# Directions
Please output each line of the data exactly as it appears.

Brief descriptive captions
>>
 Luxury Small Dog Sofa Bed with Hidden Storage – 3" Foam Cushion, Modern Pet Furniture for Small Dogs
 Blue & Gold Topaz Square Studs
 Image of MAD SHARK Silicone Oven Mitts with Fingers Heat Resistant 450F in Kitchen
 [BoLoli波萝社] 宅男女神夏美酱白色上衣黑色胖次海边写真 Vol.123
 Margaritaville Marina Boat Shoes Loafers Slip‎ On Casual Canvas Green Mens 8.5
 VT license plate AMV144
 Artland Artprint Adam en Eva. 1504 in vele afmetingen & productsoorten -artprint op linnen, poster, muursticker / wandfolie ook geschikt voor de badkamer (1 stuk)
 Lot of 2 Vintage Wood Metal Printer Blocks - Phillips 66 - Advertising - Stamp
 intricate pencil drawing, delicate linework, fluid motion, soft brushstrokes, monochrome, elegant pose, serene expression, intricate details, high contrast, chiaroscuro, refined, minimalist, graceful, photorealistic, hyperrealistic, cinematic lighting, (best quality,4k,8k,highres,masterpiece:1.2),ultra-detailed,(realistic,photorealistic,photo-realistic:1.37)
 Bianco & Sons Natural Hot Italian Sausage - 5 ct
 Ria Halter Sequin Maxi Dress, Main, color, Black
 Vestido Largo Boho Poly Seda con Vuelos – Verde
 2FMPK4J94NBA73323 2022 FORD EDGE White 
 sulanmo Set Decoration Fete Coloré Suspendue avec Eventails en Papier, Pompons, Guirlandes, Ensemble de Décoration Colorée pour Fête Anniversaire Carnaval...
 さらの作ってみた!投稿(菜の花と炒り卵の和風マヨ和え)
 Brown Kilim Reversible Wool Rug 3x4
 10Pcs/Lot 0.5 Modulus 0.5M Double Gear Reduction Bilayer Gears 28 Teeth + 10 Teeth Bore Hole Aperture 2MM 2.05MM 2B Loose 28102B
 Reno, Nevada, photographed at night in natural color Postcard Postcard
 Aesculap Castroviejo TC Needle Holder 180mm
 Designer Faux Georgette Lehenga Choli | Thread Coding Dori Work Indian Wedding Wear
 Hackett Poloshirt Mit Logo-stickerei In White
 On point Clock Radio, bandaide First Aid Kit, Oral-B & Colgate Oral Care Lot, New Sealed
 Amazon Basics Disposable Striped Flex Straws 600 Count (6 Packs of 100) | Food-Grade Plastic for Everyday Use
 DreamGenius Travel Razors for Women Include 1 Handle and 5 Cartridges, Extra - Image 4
<<
# Exercise output
 Luxury Small Dog Sofa Bed with Hidden Storage – 3" Foam Cushion, Modern Pet Furniture for Small Dogs
 Blue & Gold Topaz Square Studs
 Image of MAD SHARK Silicone Oven Mitts with Fingers Heat Resistant 450F in Kitchen
 [BoLoli波萝社] 宅男女神夏美酱白色上衣黑色胖次海边写真 Vol.123
 Margaritaville Marina Boat Shoes Loafers Slip‎ On Casual Canvas Green Mens 8.5
 VT license plate AMV144
 Artland Artprint Adam en Eva. 1504 in vele afmetingen & productsoorten -artprint op linnen, poster, muursticker / wandfolie ook geschikt voor de badkamer (1 stuk)
 Lot of 2 Vintage Wood Metal Printer Blocks - Phillips 66 - Advertising - Stamp
 intricate pencil drawing, delicate linework, fluid motion, soft brushstrokes, monochrome, elegant pose, serene expression, intricate details, high contrast, chiaroscuro, refined, minimalist, graceful, photorealistic, hyperrealistic, cinematic lighting, (best quality,4k,8k,highres,masterpiece:1.2),ultra-detailed,(realistic,photorealistic,photo-realistic:1.37)
 Bianco & Sons Natural Hot Italian Sausage - 5 ct
 Ria Halter Sequin Maxi Dress, Main, color, Black
 Vestido Largo Boho Poly Seda con Vuelos – Verde
 2FMPK4J94NBA73323 2022 FORD EDGE White 
 sulanmo Set Decoration Fete Coloré Suspendue avec Eventails en Papier, Pompons, Guirlandes, Ensemble de Décoration Colorée pour Fête Anniversaire Carnaval...
 さらの作ってみた!投稿(菜の花と炒り卵の和風マヨ和え)
 Brown Kilim Reversible Wool Rug 3x4
 10Pcs/Lot 0.5 Modulus 0.5M Double Gear Reduction Bilayer Gears 28 Teeth + 10 Teeth Bore Hole Aperture 2MM 2.05MM 2B Loose 28102B
 Reno, Nevada, photographed at night in natural color Postcard Postcard
 Aesculap Castroviejo TC Needle Holder 180mm
 Designer Faux Georgette Lehenga Choli | Thread Coding Dori Work Indian Wedding Wear
 Hackett Poloshirt Mit Logo-stickerei In White
 On point Clock Radio, bandaide First Aid Kit, Oral-B & Colgate Oral Care Lot, New Sealed
 Amazon Basics Disposable Striped Flex Straws 600 Count (6 Packs of 100) | Food-Grade Plastic for Everyday Use
 DreamGenius Travel Razors for Women Include 1 Handle and 5 Cartridges, Extra - Image 4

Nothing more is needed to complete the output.